One attempt at incorporating an internal entrapment system with a trolley-type operator is disclosed in U.S. Pat. No. 6,161,438, which is incorporated herein by reference. The '438 patent teaches the use of a strain gauge attached to the trolley arm to monitor the force that the arm is applying to the door. These detected forces are associated with a position of the door—as detected by a potentiometer or the like- to establish a force profile for the opening and closing cycles. However, the strain gauge does not necessarily detect the force that the operator is applying to the arm. This may lead to an inaccurate reading of force actually applied to the door and results in false readings. And the strain gauge is a costly component.

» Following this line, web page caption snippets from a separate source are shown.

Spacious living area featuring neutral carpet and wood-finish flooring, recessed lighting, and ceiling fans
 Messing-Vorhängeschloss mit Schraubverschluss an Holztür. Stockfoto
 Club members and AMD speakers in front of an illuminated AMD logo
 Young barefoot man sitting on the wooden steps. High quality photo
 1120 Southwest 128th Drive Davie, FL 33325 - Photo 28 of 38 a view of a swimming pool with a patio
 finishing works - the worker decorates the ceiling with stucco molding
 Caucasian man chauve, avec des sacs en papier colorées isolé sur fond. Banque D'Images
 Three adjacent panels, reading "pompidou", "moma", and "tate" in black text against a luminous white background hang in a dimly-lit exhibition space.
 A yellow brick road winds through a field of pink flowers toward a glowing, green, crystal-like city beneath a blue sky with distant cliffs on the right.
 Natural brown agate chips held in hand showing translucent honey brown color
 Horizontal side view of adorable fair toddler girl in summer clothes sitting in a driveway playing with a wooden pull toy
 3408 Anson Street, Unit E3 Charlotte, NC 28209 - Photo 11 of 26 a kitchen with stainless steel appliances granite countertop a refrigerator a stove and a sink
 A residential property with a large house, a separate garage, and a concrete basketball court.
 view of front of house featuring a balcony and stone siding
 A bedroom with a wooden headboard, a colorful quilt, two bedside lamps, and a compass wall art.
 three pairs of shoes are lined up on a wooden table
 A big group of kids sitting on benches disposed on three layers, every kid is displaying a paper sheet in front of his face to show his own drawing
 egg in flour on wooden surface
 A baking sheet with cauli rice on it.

Due to the inaccuracy of correlating a force that the arm is applying to the door, instead of the force applied by the operator, safety standards still require that a secondary entrapment system be used with trolley-type operator systems.
DISCLOSURE OF INVENTION
Therefore, an object of the present invention is to provide an entrapment system to monitor door position and applied force as the door travels in the opening and closing directions, wherein if the door encounters an obstacle during opening and closing, the applied force at a particular door position will change. A further object of the present invention is to provide entrapment protection by knowing the amount of force required to move an object, such as a door, through a specific amount of distance or time. Another object of the present invention is to stop and reverse or just stop travel of the door if predetermined thresholds of applied force and corresponding positions are not met. Still another object of the present invention is to generate door profile data during an initial door open and close cycle and whereupon the door profile data and predetermined thresholds are updated after each cycle.
Another object of the present invention is to provide an entrapment system with a position potentiometer that is coupled to the door to determine the exact position of the door. A further object of the present invention is to provide a position potentiometer that is coupled to the door to output a voltage value relative to the position of the door.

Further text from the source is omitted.